Find the Fourier series of $x-x^2 , f(x+2π)=f(x)$

Question

Find a Fourier series to represent $x−x^2$ from $x=−π$ to $x=π$ using complex Fourier series.

I got $C0$ = $-π^2/3$ I am getting $Cn$=$π^2/n^2 + π/in^2 + π^2/2in - π/2n^2 $

After simplification I am getting i in numerator. Kindly help.

Answer 1

Let us compute these desired coefficients.
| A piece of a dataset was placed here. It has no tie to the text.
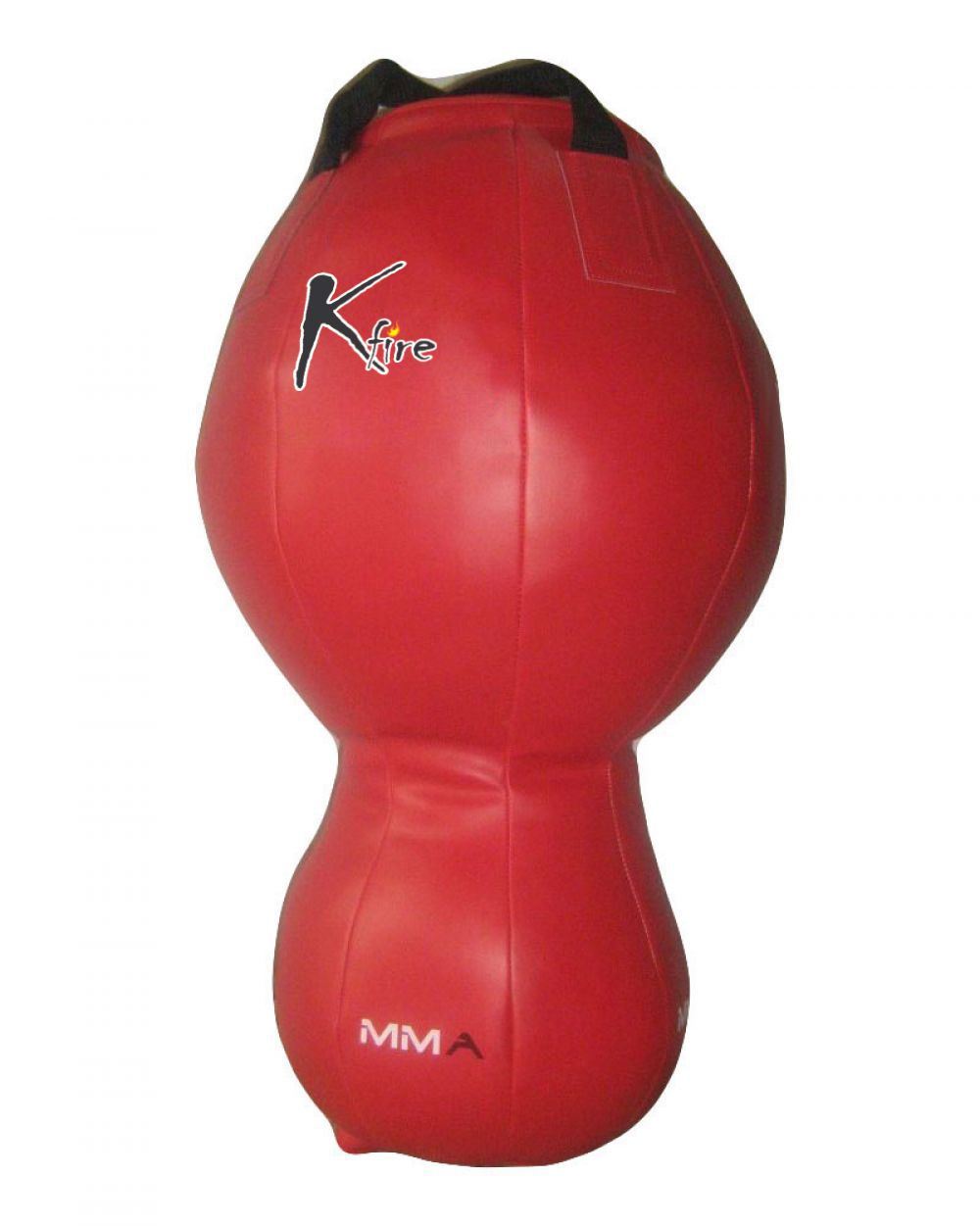 Kfire Leather MMA Hanging Stripes Dummy Wide Cylinder Torso Punching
We set $f:\mathbb{R} \to \mathbb{R}$ to be the $2\pi$-periodic function such that for $x \in ]-\pi,\pi], \, f(x) = x-x^2$.

Let $n \in \mathbb{Z}^*$, $$\begin{align*} 2\pi \cdot c_n(f) &= \int_{-\pi}^{\pi} e^{-inx}(x-x^2) dx = \frac{i}{n}\left[ e^{-inx}(x-x^2)\right]_{-\pi}^{\pi} - \frac{i}{n} \int_{-\pi}^{\pi} e^{-inx}(1-2x) dx \\ &= \frac{i}{n}(-1)^n (\pi-\pi^2 -(-\pi-\pi^2)) \\ &-\left( \frac{i^2}{n^2} (-1)^n \left[ e^{-inx}(1-2x)\right]_{-\pi}^{\pi} \frac{i^2}{n^2} - \int_{-\pi}^{\pi} e^{-inx}\cdot (-2) dx\right)\\ &= (-1)^n\frac{2i\pi}{n} + (-1)^n\frac{1}{n^2} (1-2\pi -(1+2\pi)) + 0 \\ &= 2\pi (-1)^n\left( -\frac{2}{n^2} + \frac{i}{n} \right) \end{align*}$$

So $$c_n(f) = -(-1)^n\frac{2}{n^2} + (-1)^n\frac{i}{n}$$

Now $c_0(f) = \frac{1}{2\pi} \int_{-\pi}^{\pi} (x-x^2) dx = \frac{1}{2\pi}\left[\frac{x^2}{2} - \frac{x^3}{3}\right]_{-\pi}^{\pi} = \frac{1}{2\pi}\left(\frac{\pi^2}{2} - \frac{\pi^3}{3} - (\frac{\pi^2}{2} + \frac{\pi^3}{3})\right) = -\frac{\pi^3}{3} $

Since $c_{-n} = \bar{c_n}$, this gives us $$\begin{align*} f(x) &= \sum_{n \in \mathbb{Z}} c_n e^{inx} \\ &= c_0 + \sum_{n=1}^\infty c_n e^{inx} + \sum_{n=1}^\infty c_{-n} e^{-inx}\\ &= c_0 + \sum_{n=1}^\infty c_n e^{inx} + \sum_{n=1}^\infty \overline{c_{n} e^{inx}} \\ &= c_0 + \sum_{n=1}^\infty c_n e^{inx} + \overline{c_{n} e^{inx}} \\ &= c_0 + \sum_{n=1}^\infty 2 \Re(c_n e^{inx}) \\ &= c_0 + \sum_{n=1}^\infty a_n \cos(nx) + \sum_{n=1}^\infty b_n \sin(nx) \end{align*}$$ where $a_n = 2 \Re(c_n) = -(-1)^n\frac{4}{n^2}$ and $b_n = -2\Im(c_n) = -(-1)^n\frac{2}{n}$.